J-L Bitton : Quelle est l’origine des groupes paramilitaires au Mexique, quand cela a t-il commencé?
André Aubry : Les groupes paramilitaires, ça a commencé il y a environ deux ans. En août 1995, l’EZLN (Armée Zapatiste de Libération Nationale) a lancé une grande consultation nationale, il y a eu trois millions et demi de votes. L’une des régions où l’assistance populaire indigène a couru pour répondre à ce référendum, c’était la zone Nord de la région Chole, la réponse à cette effervescence politique a été la création de Paix et Justice et en même temps que Paix et Justice de nouveaux organismes policiers comme les BOM (Brigades d’opérations mixtes) et Force et Réaction, qui sont des groupes de paysans formés par le ministère public, les militaires et la police. Donc ça, c’est le démarrage, alors en même temps 1995 c’était le début d’une campagne électorale locale, des élections municipales.

J-L B : C’était donc une réaction politique
A. Aubry : Tout à fait, c’est une contre-insurgence politique avec des moyens policiers. La zone Nord, disons, a servi de laboratoire et alors petit à petit ça été mis au point et ça a dégouliné sur les autres régions. La zone Nord du Chiapas est frontalière avec le Tabasco, ensuite c’est un verrou ou une porte d’entrée avec la Selva Lancadona. Le Chiapas, il y a deux cornes au Nord, c’est la corne la plus ample de droite, entre les deux cornes, il y a Amatan, c'est-à-dire toute la région Zoque. La porte d’entrée en venant d’ici, c’est Bachajon, toute la région Tzeltal, les Chichulines c’est un autre mouvement paramilitaire. Depuis 1997, une fois que l’offensive politique de l’EZLN s’est concrétisée avec les municipalités autonomes, la grande marche à Mexico, ça a suscité toute une série d’autres mouvements paramilitaires : Mascarada Roja, le MIRA et ceux qui n’ont pas encore de noms comme à Chenalho. Il y a aussi l’Alliance de San Bartolemé qui se forme avec les Chichulines.

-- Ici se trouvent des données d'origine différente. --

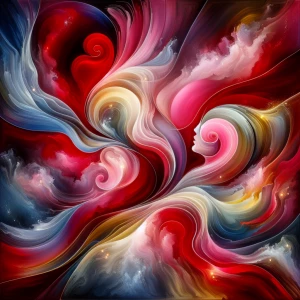 "Create an abstract art piece that embodies the essence of Valentine's Day through a fusion of swirling, vibrant colors. Use bold, flowing reds, soft pinks, and glints of gold to evoke warmth and passion. Incorporate fluid shapes and dynamic lines that intertwine and overlap, suggesting tender embraces and heartfelt connections. The interplay of light and shadow should hint at the depth of emotion and the multifaceted nature of love, inviting viewers to feel the ambiance of romance through an abstract lens."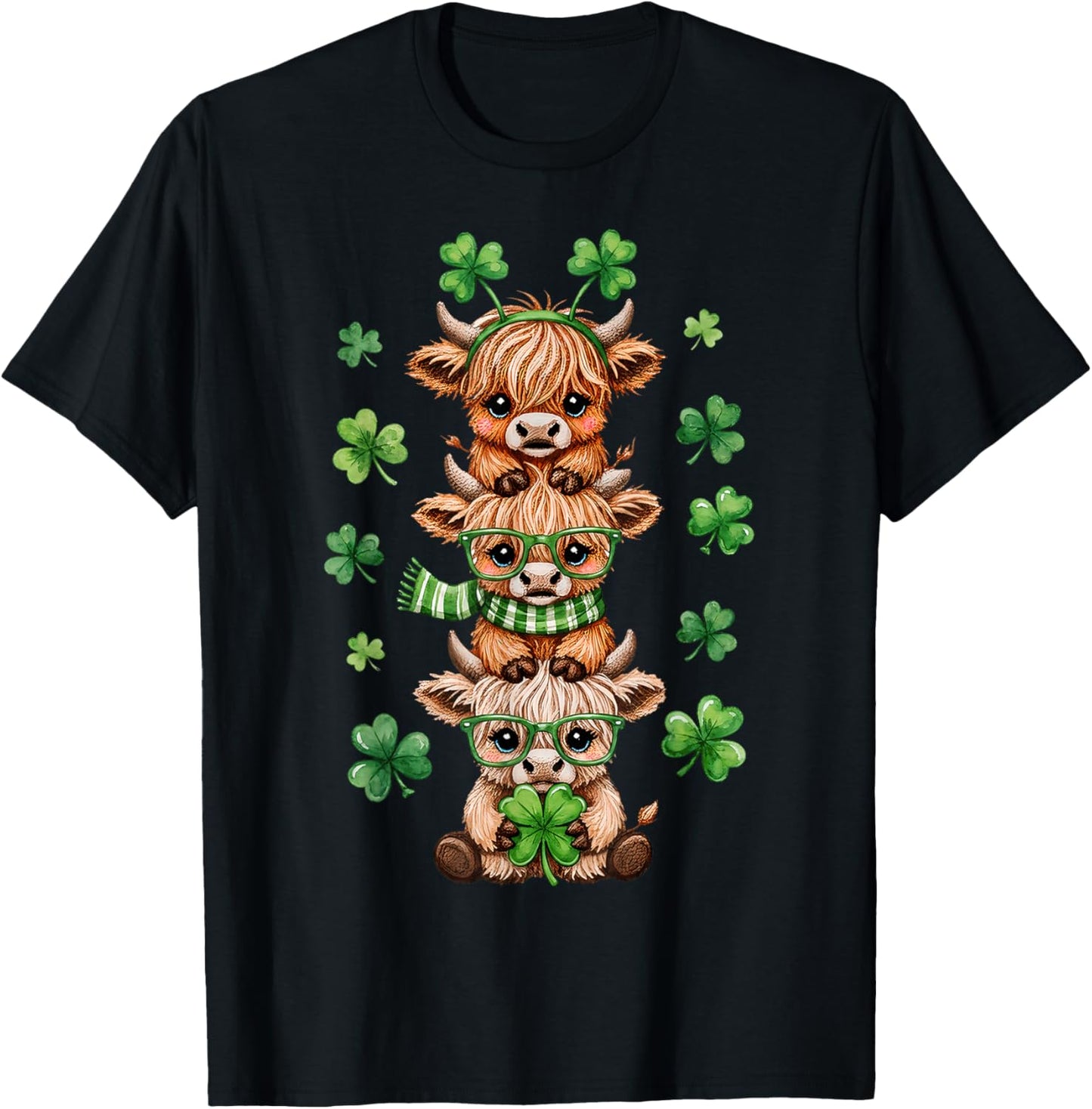 Cute Highland Cow Lucky Shamrock St Patrick's Day Party T-Shirt - T-Shirt | Black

J-L B : Quelle est la différence entre ces groupes et les Guardias Blancas (Garde Blanche)?
A. Aubry : C’est autre chose, les Guardias Blancas, c’est quelque chose de très aristocratique, ce n’est pas une milice mais une police parallèle essentiellement politique et qui existe depuis très longtemps. C’est une façon politico-policière du régime d’administrer les différends avec l’opposition. Les Guardias Blancas, ce sont des pistolero aristocratiques, ce ne sont pas des fantassins, ils vont en voiture, ils sont élégants, ils ont des objectifs extrêmement précis qui sont à la fois politiques et agraires. Ils sont étrangers aux communautés dans lesquelles ils opèrent. Ils sont payés cher, ils font même du chantage. Alors que les paramilitaires, c’est tout à fait différend, ce sont des gens du cru, des autochtones qui agissent dans leur communauté, ce sont donc des agents induits, ça fait partie de l’option stratégique de la contre-insurrection.

J. L B : Y a t-il une hiérarchie dans ces groupes ?
A. Aubry : Oui, il y a des leaders et des Etats-Majors. Par exemple, Paix et Justice, c’est très hiérarchisé, comme l’armée, avec des grades d’Officier, de Colonel, de Général, etc.

J-L B : Combien sont-ils ?
A. Aubry : À Chenahlo (municipalité dont dépend Acteal, le village où a eu lieu le massacre), sur les 28 villages impliqués, il n’y a que 8 villages paramilitaires avec 260 membres.

J.L B : Quels ont été les initiateurs de ces groupes ?
A. Aubry : Pour Paix et Justice, c’est le député local. Il le déclare publiquement, il n’y a aucun mystère. Les autres sont encore très clandestins, c’est difficile de savoir. À Chenalho, c’est un groupe d’instituteurs au nom de SOCANA, ce sont eux les inspirateurs intellectuels, en très étroite dépendance avec le Gouverneur de l’Ètat Ruiz Ferro, qui serait lui-même manipulé par des hauts gradés de l’Armée mexicaine.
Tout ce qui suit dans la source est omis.